EXERCISE PROMPT: For each entry below, please return its exact wording and leave out any picture.

Stored data:
>>>>>
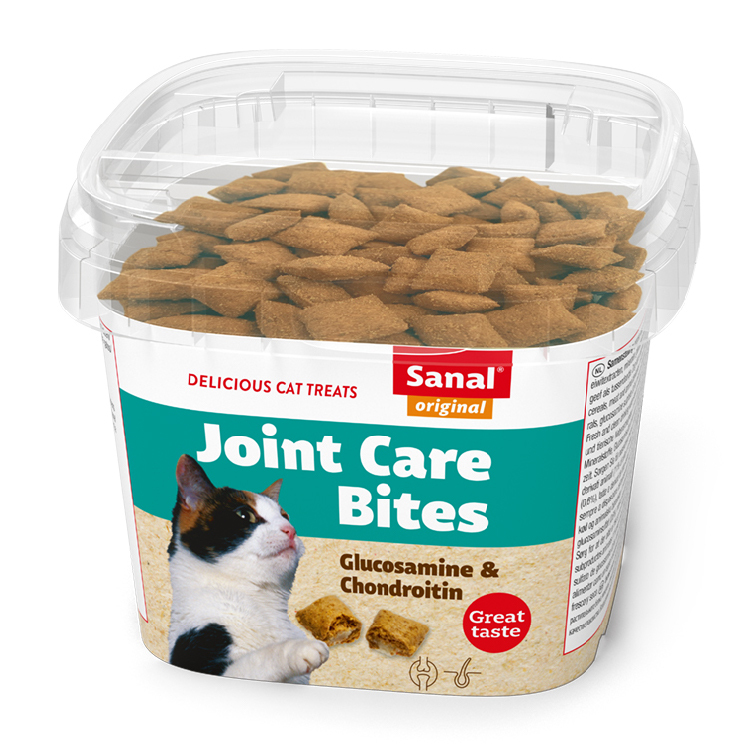 荷蘭 Sanal｜Joint Care Cup 護關節香脆粒杯 75g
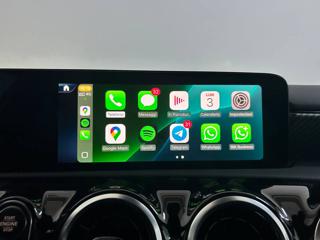 MERCEDES-BENZ A 180 usata, con Sedili riscaldati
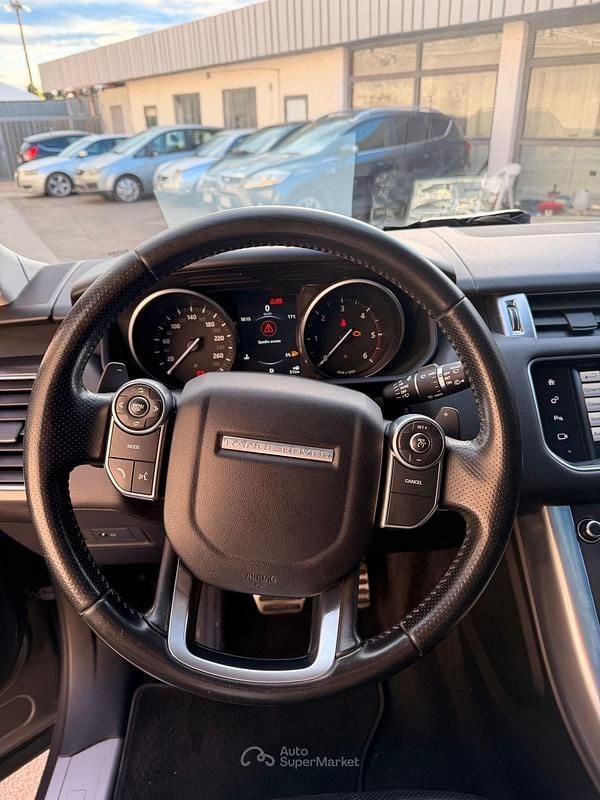Usata Land Rover Range Rover 249 CV (183 kW) 2016 SUV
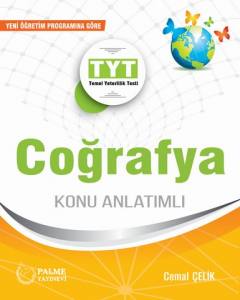 Palme Yks Tyt Coğrafya Konu Kitabı *Yeni*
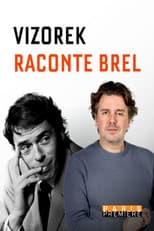 Poster for Vizorek raconte Brel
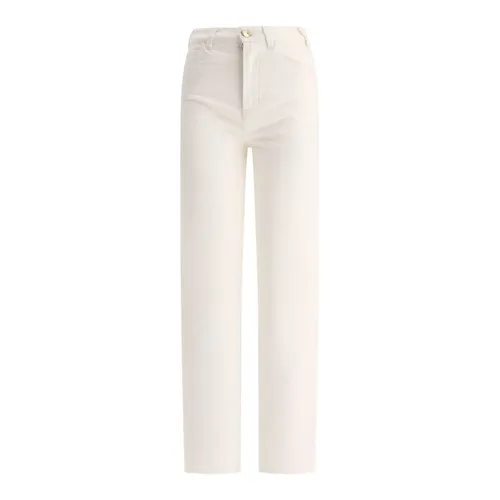 Jeans > Straight Jeans - - Chloé - Modalova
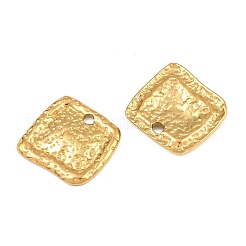 304 Stainless Steel Charms&nbsp;SA-CBA3ECF-20G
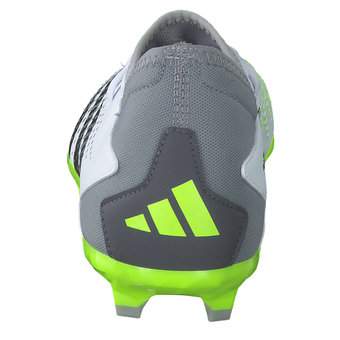 adidas Predator Accuracy.3 FG J in weiß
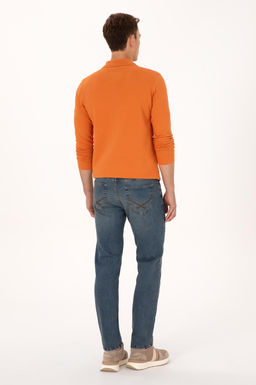 Erkek Ye_il Jean Pantolon - U.s. polo assn фото 4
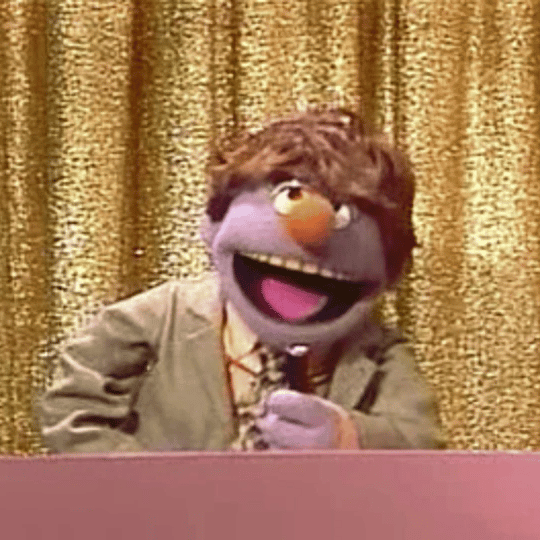 Sonny Friendly (Sesame Street) (Richard Hunt) AI Voice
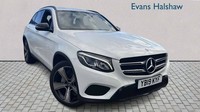 Mercedes-Benz GLC 220d 4Matic Urban Edition 5dr 9G-Tronic SUV Diesel Automatic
<<<<<
EXERCISE RESULT:
 荷蘭 Sanal｜Joint Care Cup 護關節香脆粒杯 75g
 MERCEDES-BENZ A 180 usata, con Sedili riscaldati
Usata Land Rover Range Rover 249 CV (183 kW) 2016 SUV
 Palme Yks Tyt Coğrafya Konu Kitabı *Yeni*
 Poster for Vizorek raconte Brel
 Jeans > Straight Jeans - - Chloé - Modalova
 304 Stainless Steel Charms&nbsp;SA-CBA3ECF-20G
 adidas Predator Accuracy.3 FG J in weiß
 Erkek Ye_il Jean Pantolon - U.s. polo assn фото 4
 Sonny Friendly (Sesame Street) (Richard Hunt) AI Voice
 Mercedes-Benz GLC 220d 4Matic Urban Edition 5dr 9G-Tronic SUV Diesel Automatic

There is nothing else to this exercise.